You may have noticed that the scaler also scaled our binary/one-hot encoded columns, too! Although it doesn't look as pretty, this has no negative effect on the model. Each 1 and 0 have been replaced with corresponding decimal values, but each binary column still only contains 2 values, meaning the overall information content of each column has not changed.

## Fit a KNN model

Now that you've preprocessed the data it's time to train a KNN classifier and validate its accuracy. 

In the cells below:

* Import `KNeighborsClassifier` from the `sklearn.neighbors` module 
* Instantiate the classifier.

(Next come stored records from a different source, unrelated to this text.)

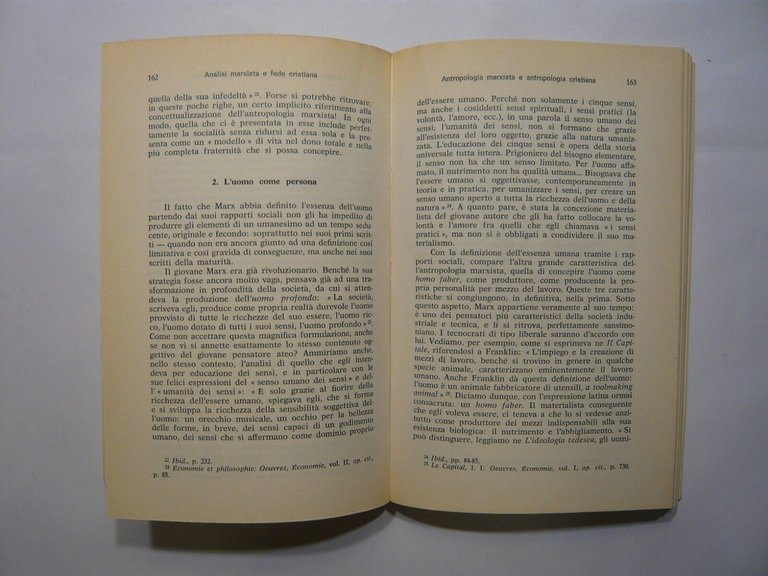 Coste ANALISI MARXISTA E FEDE CRISTIANA,1978[religione,marxismo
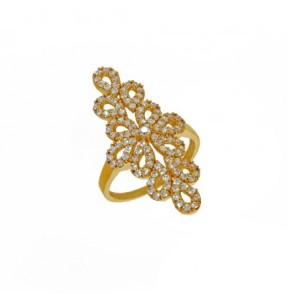 The stunning princess gold ring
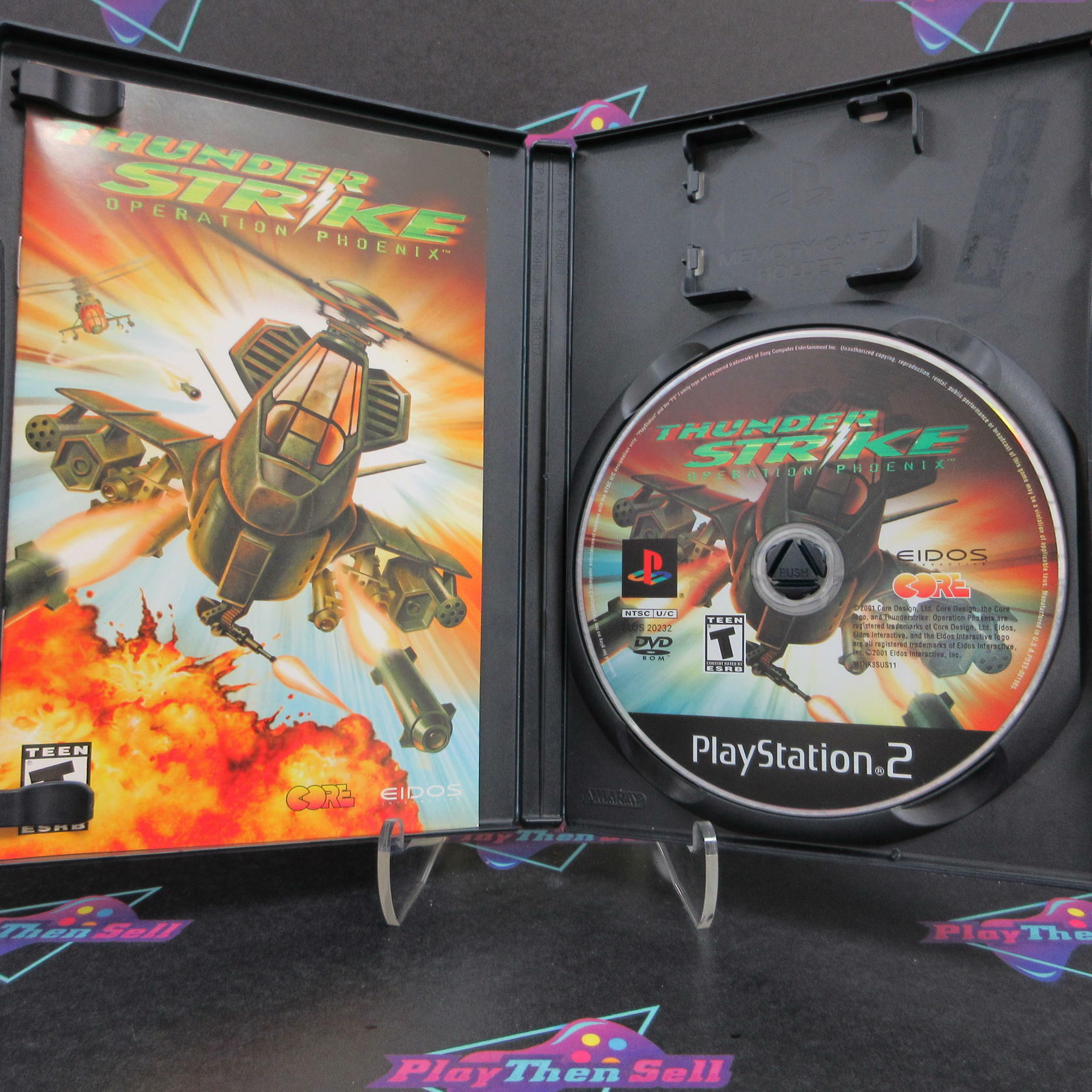 Thunderstrike Operation Phoenix PS2 PlayStation 2 + Reg Complete - Very Good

For now, you can just use the default parameters  
* Fit the classifier to the training data/labels
* Use the classifier to generate predictions on the test data. Store these predictions inside the variable `test_preds` 

In [14]:
# Import KNeighborsClassifier
from sklearn.neighbors import KNeighborsClassifier

# Instantiate the KNeighborsClassifier
clf = KNeighborsClassifier(n_neighbors=5)  # Using k=5 as an example

# Fit the classifier on the training data
clf.fit(scaled_data_train, y_train)

# Predict on the test set
test_preds = clf.predict(scaled_data_test)

# Display the first few predictions
print("Test Predictions:")
print(test_preds[:10])


Test Predictions:
[0 1 1 0 1 0 0 0 1 1]


## Evaluate the model

Now, in the cells below, import all the necessary evaluation metrics from `sklearn.metrics` and complete the `print_metrics()` function so that it prints out **_Precision, Recall, Accuracy, and F1-Score_** when given a set of `labels` (the true values) and `preds` (the models predictions). 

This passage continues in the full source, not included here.